There’s been a lot of media hype and political hoopla of late about Connecticut receiving $40 million from the Feds for “high speed rail”. While any money spent on rail is great, let’s take a reality check.

That federal money (combined with $26 million from the state) is merely a small down-payment on an $880 million, five-year plan to bring just commuter rail service to the New Haven – Springfield corridor, a project on the CDOT planning board for more than a decade.. That first money will be spent adding a second track on a 10 mile stretch of existing rail between New Britain and Newington. That’s a good start, but the rest of the project is far from a sure thing. And it sure ain’t “high speed rail”.

Media reports that we’ll soon have 110 mph rail service to our capitol are folly because they assume our cash-strapped state will continue funding the other 90+% of the project.

Sure, commuter rail service along the I-91 corridor will be welcome. And it will undoubtedly have economic and development benefits. But will politicians please stop teasing us with images of bullet-trains and a one-hour, one-seat ride from Hartford to New York (115 miles)?

In recent years any number of would-be office-holders (federal and state) have called on me for briefings on how to fix our transportation mess. I’ve gladly talked with them all, Republican and Democrat, and given them a frank assessment of our situation. But when they start asking… “Why can’t we build a mag-lev down the middle of our interstates?” I start wondering if they’ve been smoking more than cigars.

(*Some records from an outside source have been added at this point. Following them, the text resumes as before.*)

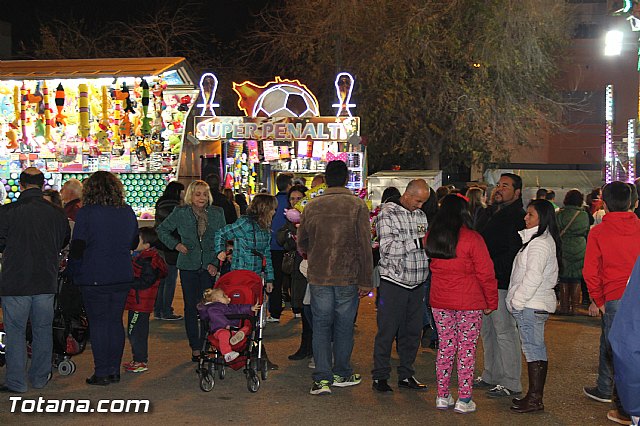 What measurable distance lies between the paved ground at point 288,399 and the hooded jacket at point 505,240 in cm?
113

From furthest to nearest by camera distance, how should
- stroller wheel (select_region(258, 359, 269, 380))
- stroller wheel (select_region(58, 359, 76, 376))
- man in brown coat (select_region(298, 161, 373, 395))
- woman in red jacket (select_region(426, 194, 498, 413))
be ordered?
1. stroller wheel (select_region(58, 359, 76, 376))
2. stroller wheel (select_region(258, 359, 269, 380))
3. man in brown coat (select_region(298, 161, 373, 395))
4. woman in red jacket (select_region(426, 194, 498, 413))

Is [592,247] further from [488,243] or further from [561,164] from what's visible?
[561,164]

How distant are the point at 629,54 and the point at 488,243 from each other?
34.2m

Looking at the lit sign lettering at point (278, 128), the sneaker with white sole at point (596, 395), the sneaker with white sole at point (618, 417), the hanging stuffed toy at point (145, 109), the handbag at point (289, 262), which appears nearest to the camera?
the sneaker with white sole at point (618, 417)

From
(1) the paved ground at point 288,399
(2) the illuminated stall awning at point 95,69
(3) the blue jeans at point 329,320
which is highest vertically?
(2) the illuminated stall awning at point 95,69

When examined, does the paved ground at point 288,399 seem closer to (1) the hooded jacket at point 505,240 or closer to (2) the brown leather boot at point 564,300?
(1) the hooded jacket at point 505,240

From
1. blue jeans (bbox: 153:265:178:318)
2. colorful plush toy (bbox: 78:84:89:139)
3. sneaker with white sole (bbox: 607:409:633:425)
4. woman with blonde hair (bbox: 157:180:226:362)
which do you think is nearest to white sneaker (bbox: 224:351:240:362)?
woman with blonde hair (bbox: 157:180:226:362)

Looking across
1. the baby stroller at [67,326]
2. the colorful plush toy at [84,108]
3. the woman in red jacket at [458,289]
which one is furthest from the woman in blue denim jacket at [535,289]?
the colorful plush toy at [84,108]

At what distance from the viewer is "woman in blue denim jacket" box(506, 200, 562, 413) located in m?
7.08

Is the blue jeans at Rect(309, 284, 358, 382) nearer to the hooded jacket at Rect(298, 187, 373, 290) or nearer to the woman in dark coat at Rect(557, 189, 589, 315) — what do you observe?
the hooded jacket at Rect(298, 187, 373, 290)

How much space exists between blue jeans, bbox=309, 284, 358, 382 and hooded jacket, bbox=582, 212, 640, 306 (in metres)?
2.04

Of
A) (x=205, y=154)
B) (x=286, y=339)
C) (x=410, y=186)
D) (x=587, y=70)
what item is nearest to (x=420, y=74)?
(x=205, y=154)

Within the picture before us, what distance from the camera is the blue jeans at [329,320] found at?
7.73 metres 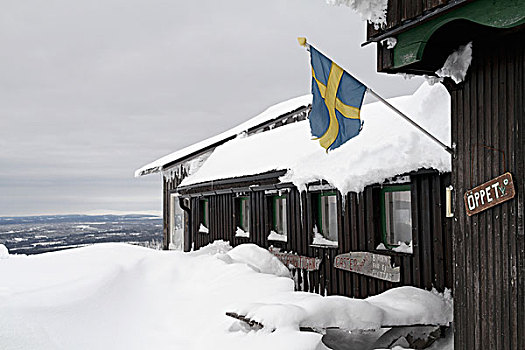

We can’t adequately fund our existing Metro-North service, and our pols have questions about Disney-style monorails? Let’s look at the facts:

In 2003 Maryland looked at building a mag-lev system 39 miles from Baltimore to Washington and figured it would cost $4.9 billion to build and $53 million a year to operate. You can buy a heckuva lot of conventional rail equipment for that kind of money for such a short run.

Mag-lev may make sense running across the desert from LA to Vegas, but in dense, built up corridors like the Northeast, it’s a fantasy. We’re stuck with the tracks we have with a little straightening and maybe electrification.

What passes for “high speed rail” in the US is a joke by international standards. I love riding Acela, but its purported 150 mph speed is achieved only on a few miles of track in NJ and RI. In Connecticut, Acela maxes out at 90 mph, no faster than Metro-North. And the tilting mechanism on the train (designed to enhance speed) is disabled due to lack of clearance. Over its entire Washington to Boston run, Acela’s average speed just is 72 mph, slower than most cars.

Compare that with Japan’s Shinkansen which runs 185 mph, France’s TGV or the London – Paris Eurostar which do 200 mph. Now that’s high speed rail!

Hey, if we can actually build commuter rail north from New Haven running at 70 mph, I’ll be thrilled. But the project won’t be cheap and I doubt it can happen in this economy. And whatever does get built sure won’t be a bullet-train.